Di sini ada tungku besar dari bata dengan bahan bakar kayu. Ada pula
mesin penggilas adonan dari besi yang ditempa sendiri. Ongkos pembuatan
mesin penggilas adonan dengan bantuan bengkel las itu sekitar Rp 2,5
juta. Alat serupa ini bila dibeli di toko bisa sampai Rp 6 juta.
Mistar juga membangun ruangan penguapan kue. Ruang seluas sekitar 2 x 2
meter itu beratap rendah dan ditutup gorden. Uapnya berasal dari dua
kompor yang terus mendidihkan panci berisi air. Uap air dari panci itu
yang membuat suhu udara di kamar penguapan itu selalu hangat.
Pelan-pelan usaha roti Family terus berkembang. Mistar pun memberanikan diri menambah modal dengan meminjam dari bank.
”Namun, baru setelah usaha berjalan kami pinjam uang ke bank. Kami
pinjam Rp 50 juta dari Bank Sumut Syariah,” cerita Mistar. Selain itu,
dia juga punya pinjaman Rp 10 juta pada Lembaga Peningkatan dan
Pengembangan Kesejahteraan Masyarakat (LP2KM).
Karyawan bertambah
Waktu baru membuka usaha pada 2002, produksi roti Family membutuhkan
lima hingga enam karung terigu setiap hari dengan jumlah karyawan di
bagian produksi 10 orang. Kini, ia membutuhkan sedikitnya 15 karung
terigu per hari dengan jumlah karyawan 70 orang.

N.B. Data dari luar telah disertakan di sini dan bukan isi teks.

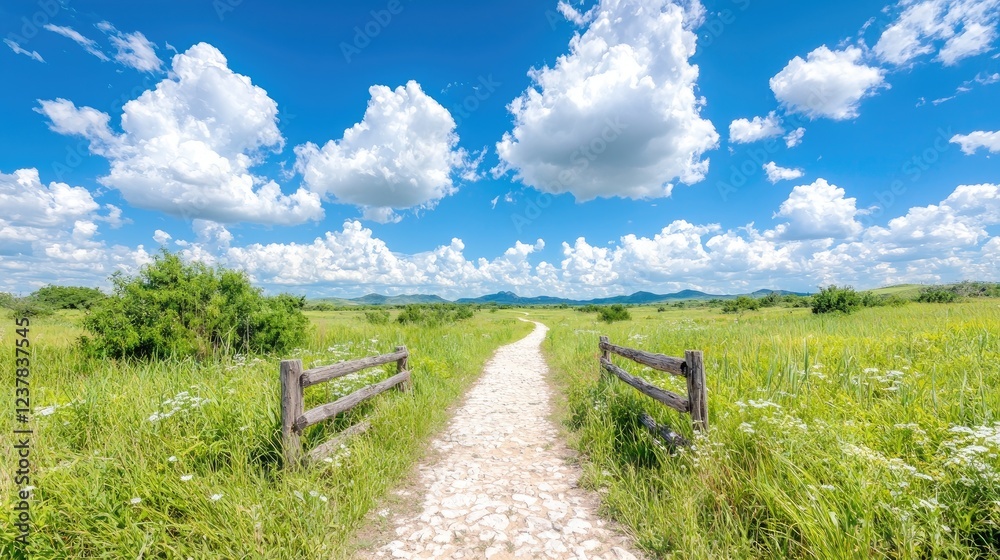 Fototapeta premium Sunny path through grassy field, mountains background; travel, nature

Dari jumlah karyawan itu, 25 orang bekerja di bidang produksi dan 25
orang lainnya menjadi tenaga pemasaran yang membawa roti Family ke
sejumlah warung di Langkat, Binjai, Serdang Bedagai, Deli Serdang,
hingga Aceh Timur. Adapun 20 orang adalah pekerja lepas untuk
pembungkusan roti.
Pekerja produksi digaji Rp 20.000-Rp 40.000 per hari, sedangkan tenaga pemasaran dibayar berdasar bagi hasil penjualan.
Mistar juga menampung pemasaran untuk tiga produsen roti kering di
dusunnya. Salah satu di antara produsen roti kering milik Tina Melinda
(32), sesama mantan TKI di Malaysia yang mempunyai 26 karyawan.
Untuk meningkatkan kualitas produk, setiap tiga bulan sekali petugas
dari dinas kesehatan datang untuk mengecek kualitas pangan produksinya.
”Saya banyak dibantu BP3TKI (Badan Pelayanan Penempatan dan Perlindungan TKI) mengikuti pelatihan. Para mantan TKI
juga sering bikin pertemuan di sini,” kata Mistar tentang mereka yang
datang ke Desa Tanjung Beringin untuk studi banding, termasuk dari
Bandung, Jawa Barat.
Meski telah tujuh tahun menjadi juragan roti, Mistar belum pernah
melihat pabrik roti modern, apalagi punya jaringan dalam industri pangan
nasional. Namun, setidaknya sebagai mantan TKI, dia bisa membuka peluang kerja bagi banyak orang di kampungnya.
Mistar berharap, siapa pun yang kelak menjadi presiden di negeri ini,
perekonomian Indonesia bisa stabil. Ini penting baginya agar usaha roti
yang menghidupi puluhan keluarga di desanya itu bisa terus berkembang.